Network topology and parameter estimation: from experimental design methods to gene regulatory network kinetics using a community based approach
1 T.J. Watson Research Center, Yorktown Heights, New York, USA
2 European Molecular Biology Laboratory, European Bioinformatics Institute, Cambridge, UK
3 Autodesk Research, San Francisco, CA, USA
4 Department of Bioengineering, University of Washington, William H. Foege Building, Box 355061, Seattle, WA 98195-5061, USA
5 Department of Mathematics, MIT, Cambridge, Massachusetts, USA
6 BIOSS Centre for Biological Signalling Studies, University of Freiburg, Schänzlestr. 18, 79104 Freiburg, Germany
7 Merrimack Pharmaceuticals One Kendall Square, Suite B7201, Cambridge, MA 02139, USA
8 Physics Department, University of Freiburg, Hermann-Herder Str.3, 79104 Freiburg, Germany
BMC Systems Biology 2014, 8:13 doi:10.1186/1752-0509-8-13Published: 7 February 2014
Accurate estimation of parameters of biochemical models is required to characterize the dynamics of molecular processes. This problem is intimately linked to identifying the most informative experiments for accomplishing such tasks. While significant progress has been made, effective experimental strategies for parameter identification and for distinguishing among alternative network topologies remain unclear. We approached these questions in an unbiased manner using a unique community-based approach in the context of the DREAM initiative (Dialogue for Reverse Engineering Assessment of Methods). We created an in silico test framework under which participants could probe a network with hidden parameters by requesting a range of experimental assays; results of these experiments were simulated according to a model of network dynamics only partially revealed to participants.

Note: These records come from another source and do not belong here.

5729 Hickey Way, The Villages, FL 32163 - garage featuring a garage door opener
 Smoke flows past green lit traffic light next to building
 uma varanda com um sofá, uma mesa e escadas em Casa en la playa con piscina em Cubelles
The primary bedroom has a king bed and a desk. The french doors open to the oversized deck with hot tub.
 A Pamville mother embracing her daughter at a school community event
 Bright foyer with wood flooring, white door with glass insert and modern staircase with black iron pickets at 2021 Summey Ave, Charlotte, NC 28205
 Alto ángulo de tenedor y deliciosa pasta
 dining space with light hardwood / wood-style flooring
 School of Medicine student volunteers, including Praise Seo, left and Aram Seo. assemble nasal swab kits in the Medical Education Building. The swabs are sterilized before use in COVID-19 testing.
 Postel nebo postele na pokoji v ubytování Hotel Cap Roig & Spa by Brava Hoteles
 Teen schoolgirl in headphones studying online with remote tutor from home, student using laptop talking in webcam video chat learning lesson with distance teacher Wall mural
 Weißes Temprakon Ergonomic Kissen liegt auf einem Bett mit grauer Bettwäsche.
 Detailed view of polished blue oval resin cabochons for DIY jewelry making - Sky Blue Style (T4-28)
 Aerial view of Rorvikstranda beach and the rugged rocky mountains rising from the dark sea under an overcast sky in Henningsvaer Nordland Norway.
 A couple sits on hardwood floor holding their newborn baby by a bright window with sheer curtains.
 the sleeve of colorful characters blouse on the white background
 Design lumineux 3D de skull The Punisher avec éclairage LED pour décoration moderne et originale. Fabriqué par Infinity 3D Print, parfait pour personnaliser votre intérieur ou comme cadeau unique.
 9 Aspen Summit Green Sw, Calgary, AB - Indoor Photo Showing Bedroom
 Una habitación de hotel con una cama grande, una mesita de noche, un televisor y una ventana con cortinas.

We proposed two challenges; in the first, participants were given the topology and underlying biochemical structure of a 9-gene regulatory network and were asked to determine its parameter values. In the second challenge, participants were given an incomplete topology with 11 genes and asked to find three missing links in the model. In both challenges, a budget was provided to buy experimental data generated in silico with the model and mimicking the features of different common experimental techniques, such as microarrays and fluorescence microscopy. Data could be bought at any stage, allowing participants to implement an iterative loop of experiments and computation.
A total of 19 teams participated in this competition. The results suggest that the combination of state-of-the-art parameter estimation and a varied set of experimental methods using a few datasets, mostly fluorescence imaging data, can accurately determine parameters of biochemical models of gene regulation. However, the task is considerably more difficult if the gene network topology is not completely defined, as in challenge 2. Importantly, we found that aggregating independent parameter predictions and network topology across submissions creates a solution that can be better than the one from the best-performing submission.